START Given data
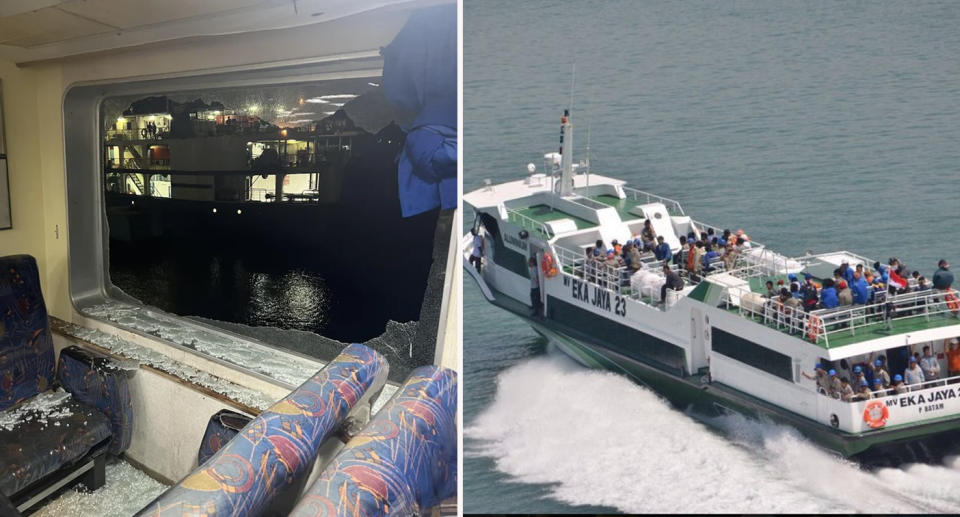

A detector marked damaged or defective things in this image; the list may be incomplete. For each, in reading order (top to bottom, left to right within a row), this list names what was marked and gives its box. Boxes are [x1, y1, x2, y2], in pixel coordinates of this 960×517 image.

shattered window [100, 78, 438, 380]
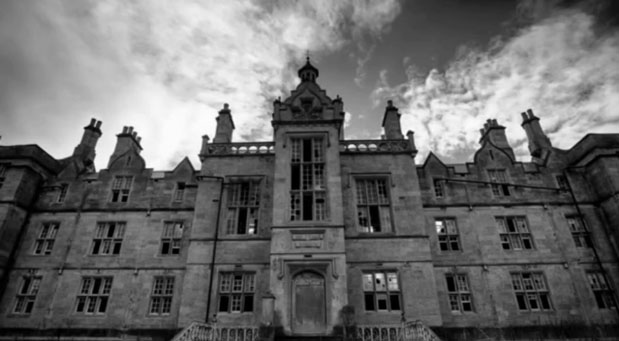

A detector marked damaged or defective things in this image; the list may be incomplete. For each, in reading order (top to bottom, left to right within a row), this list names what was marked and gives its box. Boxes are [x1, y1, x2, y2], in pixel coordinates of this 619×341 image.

broken window [226, 181, 260, 234]
broken window [292, 137, 326, 220]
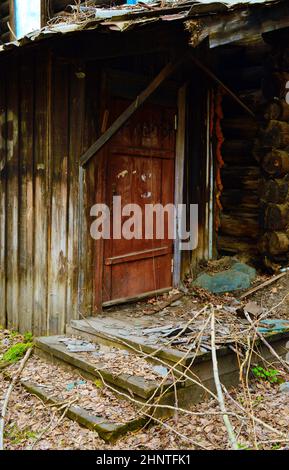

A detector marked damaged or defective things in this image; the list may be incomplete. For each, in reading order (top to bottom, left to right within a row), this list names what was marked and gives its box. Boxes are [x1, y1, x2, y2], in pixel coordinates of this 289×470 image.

broken roof [0, 0, 286, 53]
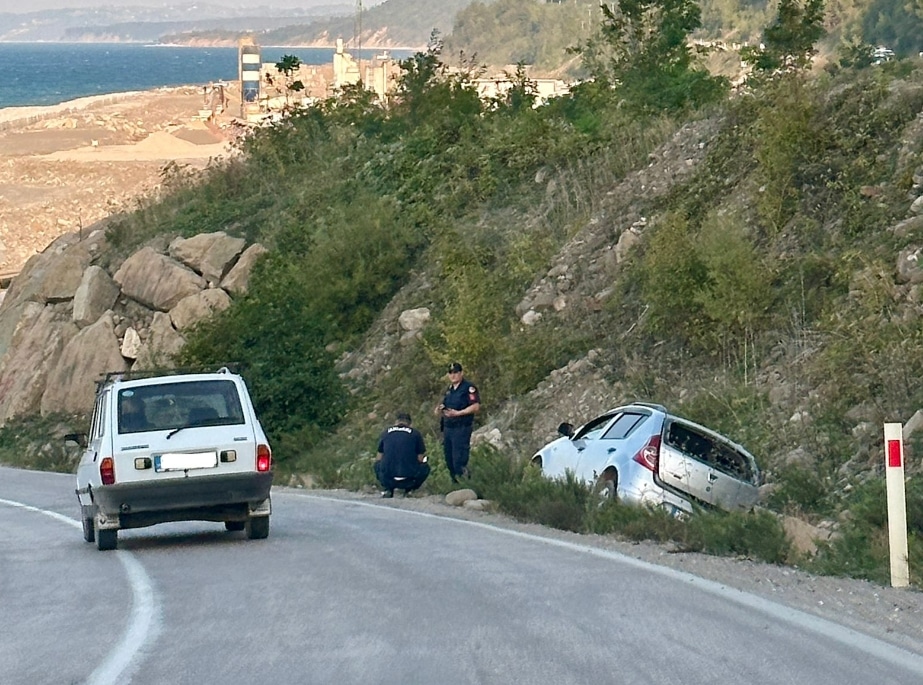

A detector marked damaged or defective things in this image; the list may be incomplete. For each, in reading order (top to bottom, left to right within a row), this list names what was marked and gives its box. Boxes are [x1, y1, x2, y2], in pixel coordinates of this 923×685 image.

crashed car in ditch [532, 400, 760, 512]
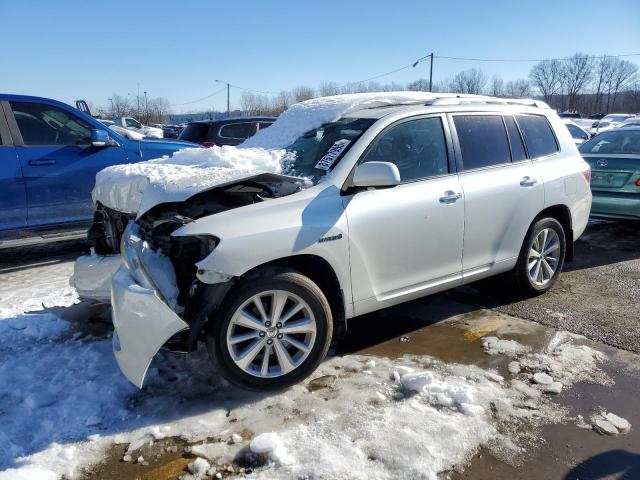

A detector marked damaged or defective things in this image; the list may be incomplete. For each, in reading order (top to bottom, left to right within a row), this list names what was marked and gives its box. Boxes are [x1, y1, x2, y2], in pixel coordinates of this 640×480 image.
END Given data
## Requirement
Leaving the pictures out, set down all of the data again exactly.

## Result of this exercise
A detector marked damaged or defective things in this image; the list may be incomplete. For each, in reading order (top to bottom, left to right within a row), this list names what was marked and gives its box. Boxes are [x1, y1, x2, y2], in pixel coordinates of this 960×517 image.

shattered window [100, 78, 438, 380]

A detector marked damaged or defective things in this image; the list may be incomplete. For each, in reading order (top to bottom, left to right within a row), this list names what was marked and gives its box. Boxes are [x1, y1, x2, y2], in pixel coordinates of this 619×341 image.

broken window [226, 181, 260, 234]
broken window [292, 137, 326, 220]

A detector marked damaged or defective things in this image; the list may be incomplete. For each, in reading order (top to bottom, left to right within a row), this list names what was marked and gives its box. Boxes are [x1, y1, x2, y2], in pixel coordinates of this 289×470 image.

broken roof [0, 0, 286, 53]

A detector marked damaged or defective things in this image; the list may be incomplete. For each, in reading order (top to bottom, left to right within a row), this list names what was marked and gives its box. Boxes are [x1, y1, x2, y2], in pixel coordinates of this 923×685 image.

crashed car in ditch [532, 400, 760, 512]

A detector marked damaged or defective things in this image; the list may be incomplete. For each, in reading order (top to bottom, left to right within a row), this list names what was marked and gives its box. Boxes are [x1, y1, x2, y2], in pixel coordinates of this 640×480 image.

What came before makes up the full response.